I’m largely low-carb in the US (where I live), but I can eat bread and pasta all day long in Europe and rice and pasta and pastries all day long in Asia. Hundreds of millions to billions would starve or at least suffer from malnutrition without GMOs, so I’m hopeful that we can get beyond the bad ones we have now to something good. Climate change is going to really mess with agriculture, so we may not have a choice.
For the purpose of this thread, I’ll nominate corn. I actually enjoy eating corn, corn chips and other corn products. But HFCS makes me nauseous, Corn-ethanol in gas consumes more petroleum overall than plain gasoline (and also fucks up small displacement engines), etc.

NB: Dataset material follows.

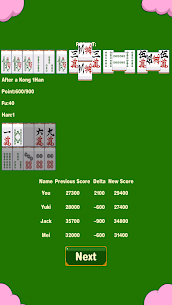 Mahjong School: Learn Japanese Mahjong Riichi 17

This may get me kicked out of Chicago, but we need far less corn in the US than we currently produce.
This is baba ganoush. Or mash with roasted red bell peppers and possibly minced fried onions. This is ajvar.
These are both godlike foods and there’s usually one or other or both in the fridge. Baba ganoush is more or less delice d’aubergines round these parts too.

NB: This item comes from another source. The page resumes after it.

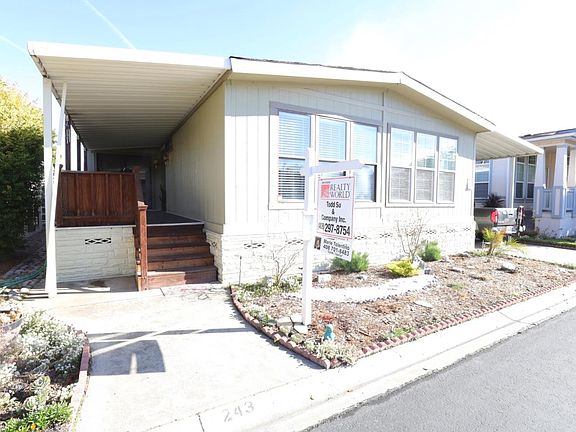 2nd image of 243 Chateau La Salle Dr #243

Agreed in principle, nuance wise I’d prefer if we focused on less large industrial farms than “GMO” specifically, Non/GMO “organic” relatively meaningless certified factory farms and promoted healthier ecosystems.
I’d also love if there were better delivery coops, but each has its problems due to scale and participation and varying climates/seasons.
I love the stuff i get from farmers markets and Seattle’s Pike Place market, but markets aren’t open in the winter and i don’t want to wrangle traffic or bus there weekly.